From mboxrd@z Thu Jan  1 00:00:00 1970
From: Jeff King <peff@peff.net>
Subject: Re: Tag peeling peculiarities
Date: Fri, 22 Mar 2013 13:42:35 -0400
Message-ID: <20130322174235.GA29011@sigill.intra.peff.net>
References: <51409439.5090001@alum.mit.edu>
 <7vwqtb2ood.fsf@alter.siamese.dyndns.org>
 <20130313215800.GA23838@sigill.intra.peff.net>
 <51415516.2070702@alum.mit.edu>
 <20130314052448.GA2300@sigill.intra.peff.net>
 <5141B475.1000707@alum.mit.edu>
 <20130314134032.GA9222@sigill.intra.peff.net>
 <514431EA.2050402@alum.mit.edu>
 <20130316093441.GA26260@sigill.intra.peff.net>
 <514475C4.7020901@alum.mit.edu>
Mime-Version: 1.0
Content-Type: text/plain; charset=utf-8
Cc: Junio C Hamano <gitster@pobox.com>,
	git discussion list <git@vger.kernel.org>
To: Michael Haggerty <mhagger@alum.mit.edu>
X-From: git-owner@vger.kernel.org Fri Mar 22 18:43:14 2013
Return-path: <git-owner@vger.kernel.org>
Envelope-to: gcvg-git-2@plane.gmane.org
Received: from vger.kernel.org ([209.132.180.67])
	by plane.gmane.org with esmtp (Exim 4.69)
	(envelope-from <git-owner@vger.kernel.org>)
	id 1UJ5zl-0001KY-IY
	for gcvg-git-2@plane.gmane.org; Fri, 22 Mar 2013 18:43:13 +0100
Received: (majordomo@vger.kernel.org) by vger.kernel.org via listexpand
	id S1422743Ab3CVRmp (ORCPT <rfc822;gcvg-git-2@m.gmane.org>);
	Fri, 22 Mar 2013 13:42:45 -0400
Received: from 75-15-5-89.uvs.iplsin.sbcglobal.net ([75.15.5.89]:35923 "EHLO
	peff.net" rhost-flags-OK-OK-OK-OK) by vger.kernel.org with ESMTP
	id S1422717Ab3CVRmo (ORCPT <rfc822;git@vger.kernel.org>);
	Fri, 22 Mar 2013 13:42:44 -0400
Received: (qmail 3044 invoked by uid 107); 22 Mar 2013 17:44:28 -0000
Received: from sigill.intra.peff.net (HELO sigill.intra.peff.net) (10.0.0.7)
  (smtp-auth username relayok, mechanism cram-md5)
  by peff.net (qpsmtpd/0.84) with ESMTPA; Fri, 22 Mar 2013 13:44:28 -0400
Received: by sigill.intra.peff.net (sSMTP sendmail emulation); Fri, 22 Mar 2013 13:42:35 -0400
Content-Disposition: inline
In-Reply-To: <514475C4.7020901@alum.mit.edu>
Sender: git-owner@vger.kernel.org
Precedence: bulk
List-ID: <git.vger.kernel.org>
X-Mailing-List: git@vger.kernel.org
Archived-At: <http://permalink.gmane.org/gmane.comp.version-control.git/218827>

[this email is from last week, and I think most of was responded to in
 other parts of the thread, but there were a few loose ends]

On Sat, Mar 16, 2013 at 02:38:12PM +0100, Michael Haggerty wrote:

> >> * Change pack-refs to use the peeled information from ref_entries if it
> >>   is available, rather than looking up the references again.
> > 
> > I don't know that it matters from a performance standpoint (we don't
> > really care how long pack-refs takes, as long as it is within reason,
> > because it is run as part of a gc).  But it would mean that any errors
> > in the file are propagated from one run of pack-refs to the next. I
> > don't know if we want to spend the extra time to be more robust.
> 
> I thought about this argument too.  Either way is OK with me.  BTW would
> it make sense to build a consistency check of peeled references into fsck?

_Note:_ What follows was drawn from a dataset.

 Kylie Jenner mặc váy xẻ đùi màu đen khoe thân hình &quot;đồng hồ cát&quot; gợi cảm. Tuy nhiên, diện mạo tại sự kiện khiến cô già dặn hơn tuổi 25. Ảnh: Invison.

Yeah, I do think an fsck check makes sense. It should not be expensive,
and if there is a realistic corruption/health check for a repo, it makes
sense to me for it to be part of fsck. I do not recall many incidents of
packed-refs corruption in the history of the list, but this fairly
recent one comes to mind:

  http://thread.gmane.org/gmane.comp.version-control.git/217065

On the other hand, if it is just as cheap to rewrite the file as it is
to do the health checks, I wonder if the advice should simply be "run
pack-refs again" (and doing so should always start from scratch, not
trusting the existing version).

> > Yuck. I really wonder if repack_without_ref should literally just be
> > writing out the exact same file, minus the lines for the deleted ref.
> > Is there a reason we need to do any processing at all? I guess the
> > answer is that you want to avoid re-parsing the current file, and just
> > write it out from memory. But don't we need to refresh the memory cache
> > from disk under the lock anyway? That was the pack-refs race that I
> > fixed recently.
> 
> It would certainly be thinkable to rewrite the file textually without
> parsing it again.  But I did it this way for two reasons:
> 
> 1. It would be better to have one packed-refs file parser and writer
> rather than two.  (I'm working towards unifying the two writers, and
> will continue once I understand their differences.)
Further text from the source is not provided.